Life took another turn five years ago when Tom lost his job. He moved to Lake Forest to live with and care for his mom and stepdad, and soon found Saddleback Church. Tom immediately loved Saddleback. He saw the way the church served its members and the community, and knew he wanted to be a part of that. So he began serving.
Tom has been leading a Life Group for five years now, and says he’s had the most growth in his life from serving these boys. His rough upbringing has given him a validity in the guys’ lives — they know that when he gives advice about issues like parents, girls, and drugs, he’s faced everything they’ve faced.
Also, Tom has authored two books based on his life and experience, giving him even more credibility with the young men. He is open and authentic, always willing to share his own issues so that he can steer the boys in a positive direction. He unabashedly admits that sin can be fun — for a little while. But can a long-term sinner be happy? “No. You’re going to feel like crud afterwards,” he said with a chuckle.
Tom knows what’s at stake for these boys if they make the wrong choices, so he fights to send them on a path much different than his own. “In a way, it’s me talking to my younger self,” he said. He wants to be the man he wishes he had growing up and an ally to parents in the battle for their kids’ future.
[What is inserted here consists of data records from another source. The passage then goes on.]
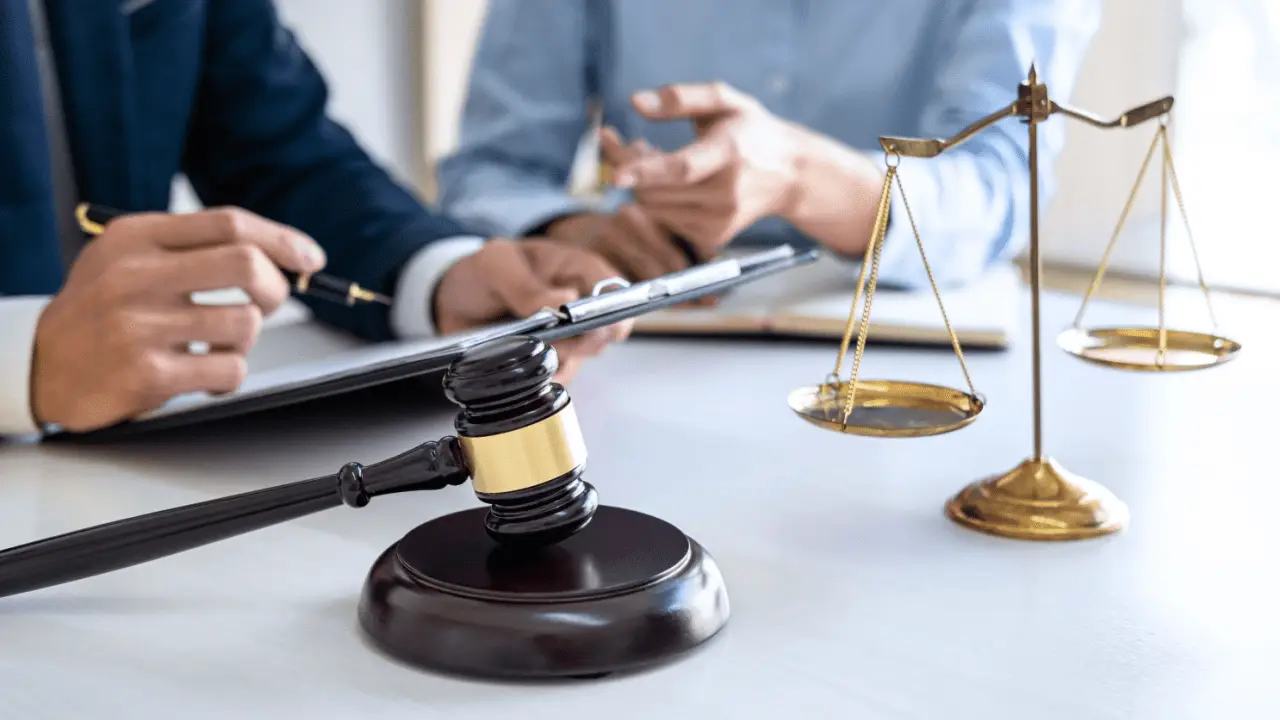 Car accident settlement lawyers discussing timeline with gavel and scales of justice on desk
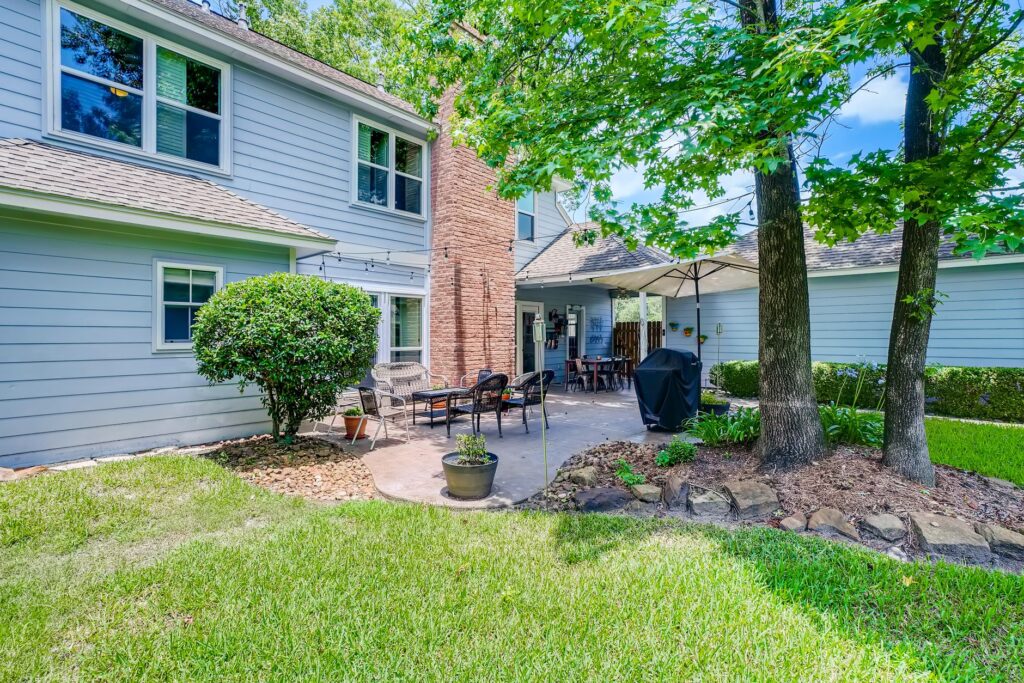A massive old shade tree providing deep canopy cover over a residential backyard in summer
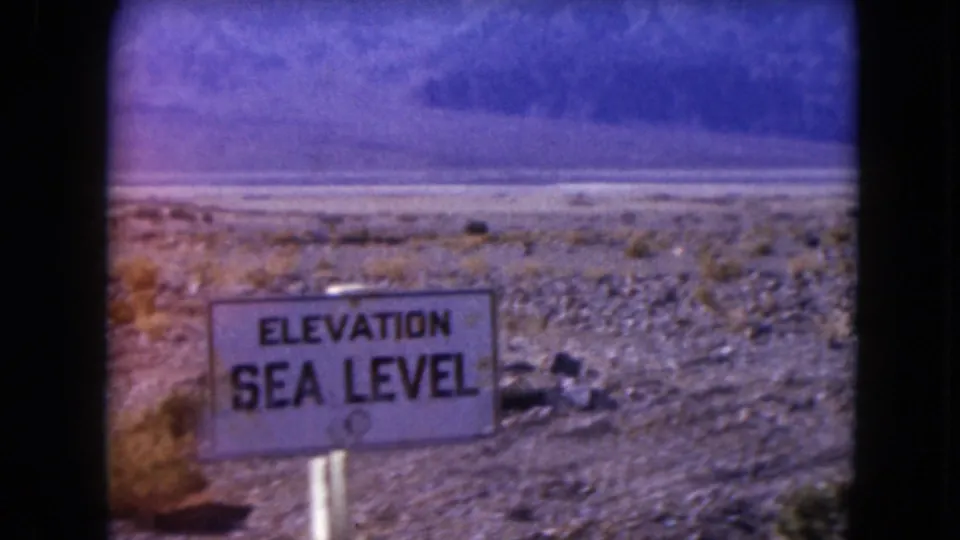 1961 Nevada 8mm frame centered on a white ELEVATION SEA LEVEL sign in sparse desert scrub with mountains beyond.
Eventually, Tom’s group of guys will move on to college, but he will stay right where he is, ready to take on a new group and see them all the way through junior high and high school. Tom knows that all the pain he faced in life will not be wasted. Instead, it can be used to help other young men. “It doesn’t matter what I’ve been through. It matters that God is using it to further his kingdom,” Tom said. “No matter what you’ve been through, God can use you.”